Look below for the line that contains "Portrait Of Biracial", then copy it and each following line exactly, through and including the line that contains "Close up of".

Crawled caption data:
_ _ _ _ _

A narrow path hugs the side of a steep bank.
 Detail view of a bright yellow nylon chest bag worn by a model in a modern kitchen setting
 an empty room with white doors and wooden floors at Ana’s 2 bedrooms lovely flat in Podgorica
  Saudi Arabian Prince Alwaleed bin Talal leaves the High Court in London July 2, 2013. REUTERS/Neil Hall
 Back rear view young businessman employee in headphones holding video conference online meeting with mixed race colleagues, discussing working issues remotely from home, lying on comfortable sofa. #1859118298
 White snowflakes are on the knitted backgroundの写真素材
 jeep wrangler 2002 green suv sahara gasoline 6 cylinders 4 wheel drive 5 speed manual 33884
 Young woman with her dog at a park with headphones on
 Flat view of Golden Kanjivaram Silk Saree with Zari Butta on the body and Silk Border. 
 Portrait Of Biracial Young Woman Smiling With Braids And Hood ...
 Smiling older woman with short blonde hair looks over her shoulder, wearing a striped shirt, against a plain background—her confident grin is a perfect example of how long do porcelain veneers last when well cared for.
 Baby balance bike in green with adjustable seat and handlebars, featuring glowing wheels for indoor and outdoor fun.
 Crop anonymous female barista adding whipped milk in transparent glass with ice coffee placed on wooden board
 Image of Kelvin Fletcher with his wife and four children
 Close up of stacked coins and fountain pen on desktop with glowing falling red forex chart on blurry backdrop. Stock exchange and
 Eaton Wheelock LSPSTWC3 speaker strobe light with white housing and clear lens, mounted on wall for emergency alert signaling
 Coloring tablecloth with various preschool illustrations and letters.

_ _ _ _ _

## SOLUTION TO THIS PROBLEM
 Portrait Of Biracial Young Woman Smiling With Braids And Hood ...
 Smiling older woman with short blonde hair looks over her shoulder, wearing a striped shirt, against a plain background—her confident grin is a perfect example of how long do porcelain veneers last when well cared for.
 Baby balance bike in green with adjustable seat and handlebars, featuring glowing wheels for indoor and outdoor fun.
 Crop anonymous female barista adding whipped milk in transparent glass with ice coffee placed on wooden board
 Image of Kelvin Fletcher with his wife and four children
 Close up of stacked coins and fountain pen on desktop with glowing falling red forex chart on blurry backdrop. Stock exchange and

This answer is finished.